Am spannendsten ist es also immer dann, wenn unterschiedliche Wortschätze aufeinanderprallen. „Gell“ kennt hier zum Beispiel niemand, nich.
Um all diese oben beschriebenen Schwierigkeiten und Deutlichkeiten in einer Sprache unterzubringen, ist eine gigantische Geschwindigkeit von Nöten. Nach dem ersten Tag trug ich – beim Versuch, mit dem Tempo mitzuhalten – einen schmerzhaften Muskelkater in der Wange davon. Ja, auch dort gibt es Muskeln.
Doch wie überall gilt auch hier: Übung macht den Meister. Ich für meine Person übe an 24 Stunden des Tages. Und manchmal klappt es auch schon ganz gut. Als ich kürzlich am Bahnhof eine Karte lösen wollte, konzentrierte ich mich schon lange vorher auf meinen Satz: „Ich hätte gerne eine Fahrkarte nach Köln“ undsoweiter, doch als ich schließlich an der Reihe war, kostete das „Ich hätte gerne“ schon so viel Kraft, daß ich den ganzen restlichen Satz nicht mehr wußte. Vielleicht schaffe ich es nächstes Mal schon bis: „Ich hätte gerne eine“. Man darf nie zu früh aufgeben.

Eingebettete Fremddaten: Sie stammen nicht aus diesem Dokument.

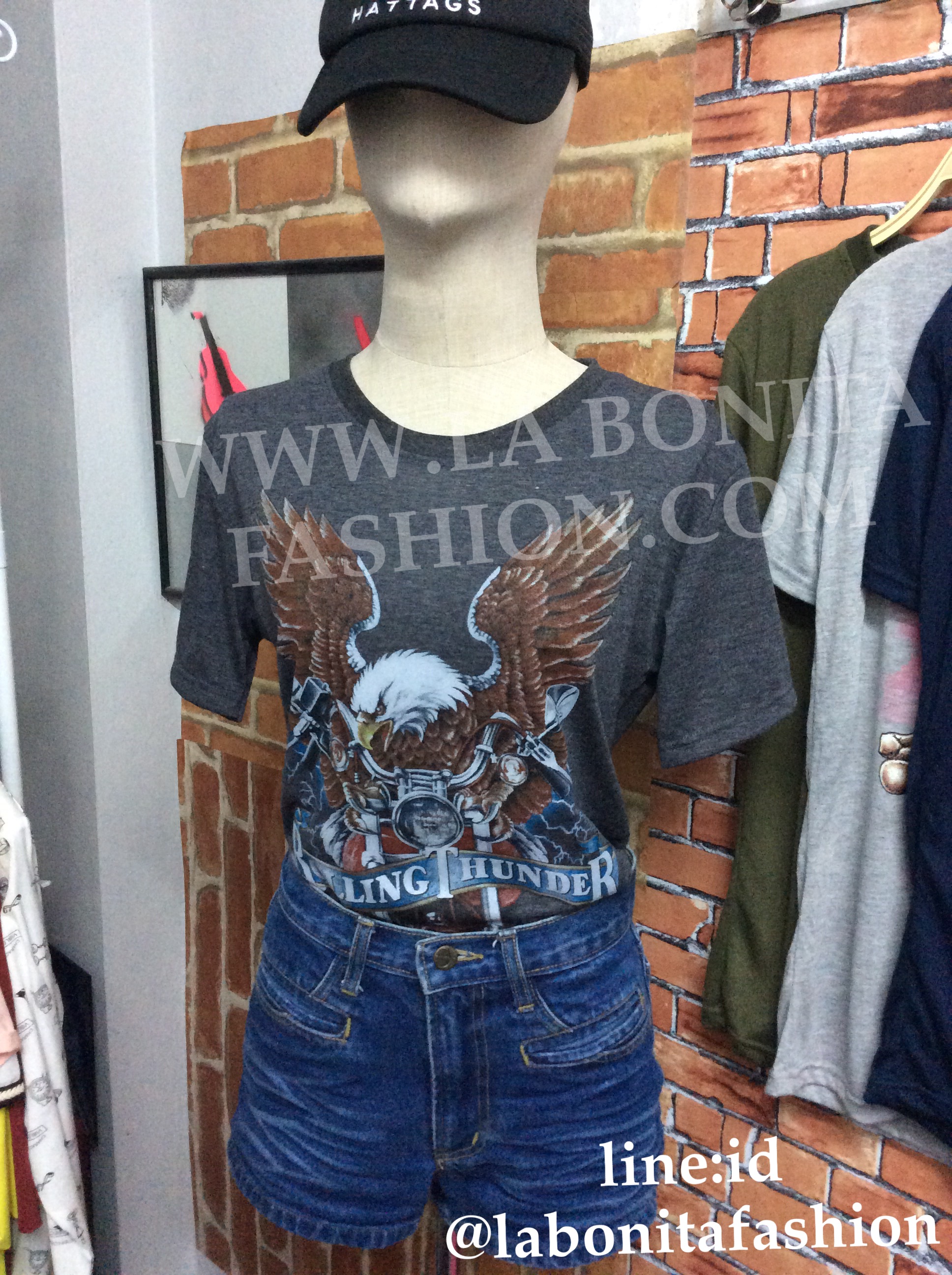 เสื้อยืดผ้านุ่มเนื้อดี พร้อมสกรีนลายสไตล์วินเทจ สกรีนลาย สวย เท่ห์ ลายนกอินทรีขับชอปเปอร์ ตัวหนังสือ Rolling Thunder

Um abschließend das Ruhrpöttisch noch anschaulich darzustellen, werde ich versuchen, den ersten Absatz meines Textes so zu schreiben, wie ihn ein Pötter lesen würde:
Ich binn ja nun ein Toatmunder, würde aberr trotztem geane weiterchin für Shwebishes Puplikum shraiben. Tamit man mich weiterchin vershtehen  kann, gebe ich zunechst (nicht: zunäxt)  ainmal eine Ainführung in die Rruhrpöttishe Shprache.